Jack’s After-School Program for students in 4th through 8th grade will be starting its fourth year at Blythe Family Fitness on September 4 as a way for students to destress and have fun after school in a healthy way.

In an electronic-free zone, the program allows students to play games like hockey, kickball, dodgeball, tennis, soccer, board games and charades with full participation and attention.

The program, created in honor of Jack Ewing who passed away in 2015, will be held on Tuesday’s and Thursday’s from 3:45 to 5:30 p.m.

Sign up is available at Blythe Family Fitness or the recreation department, and the fee is $20 a month per kid; if students qualify for free lunches at school, then the program is free for them to participate in.

“When he passed away, people were giving donations in honor of Jack, and the family asked if I would start this,” said Kristina Kaufman, executive director of Blythe. “I said yes, I would be more than happy to because Jack was all about the kids and interacting with them.”

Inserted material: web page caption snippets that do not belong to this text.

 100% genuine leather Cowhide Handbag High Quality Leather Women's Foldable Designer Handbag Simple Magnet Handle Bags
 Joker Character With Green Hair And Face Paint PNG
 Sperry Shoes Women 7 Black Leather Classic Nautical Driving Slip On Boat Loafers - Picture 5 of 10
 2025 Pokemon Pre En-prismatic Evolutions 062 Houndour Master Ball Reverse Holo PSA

Jack felt that kids should be engaged and present in whatever it was they were participating in though,  Kaufman said, so that is why the program was designed to be electronic-free.

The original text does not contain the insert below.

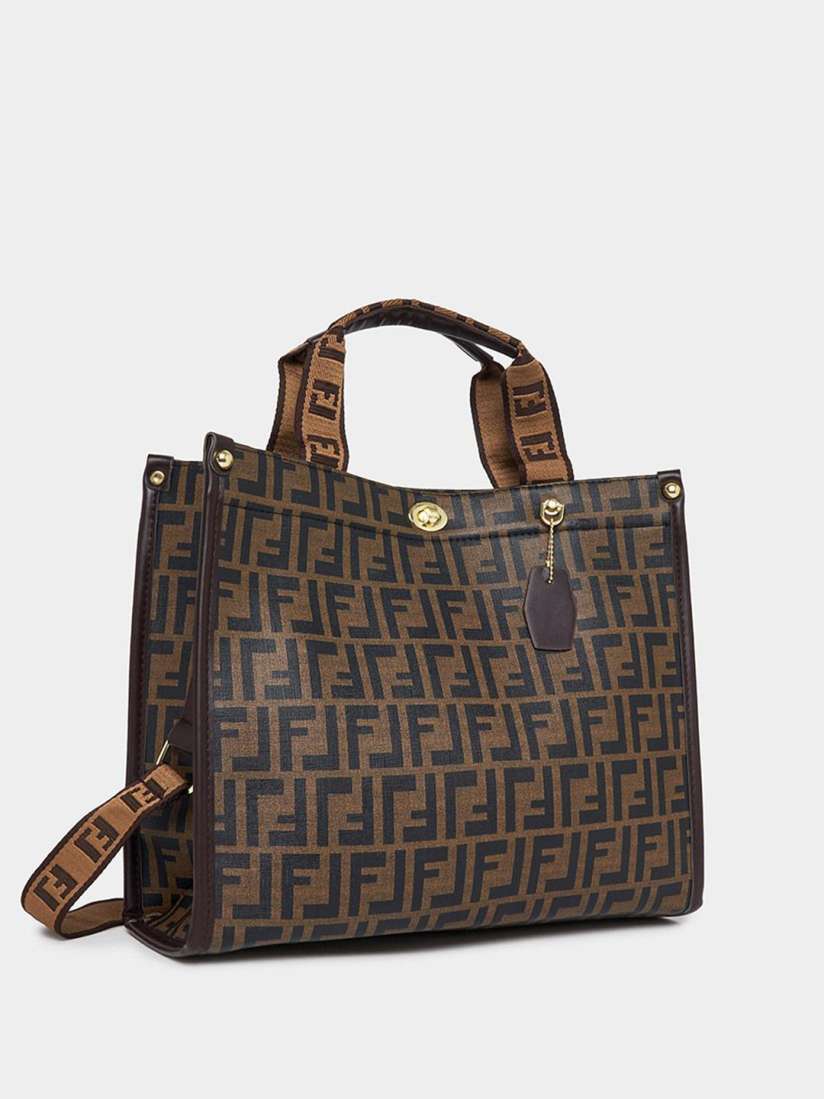 Buy Styli Women Brand Logo Printed Structured Handheld Bag Handbags for Women 30306056 Myntra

“We incorporated a healthy snack, we do homework time, and then we just play,” Kaufman said. “We play all kinds of games but we try to incorporate the community too.”

“The thing that I love the most is the interaction with the kids,” Kaufman said. “All the donated dollars that people have donated in the name of Jack is basically what’s helping to support this program.”

If students have extra-curricular activities or school functions after school, Kaufman said that they do encourage the kids to attend those events so they can mingle with their peers and be engaged with their school activities.


“It helps with communication and just not being so sedentary all the time, getting movement,” Kaufman said. “We do exercise in a fun way. Like, a lot of these kids are not in sports, they don’t want to be in sports, and so we’re showing them that they can still have fun.”

The bonds formed with the kids in the program are very important, Kaufman said, because it helps the kids build confidence and communication skills while getting exercise in the process.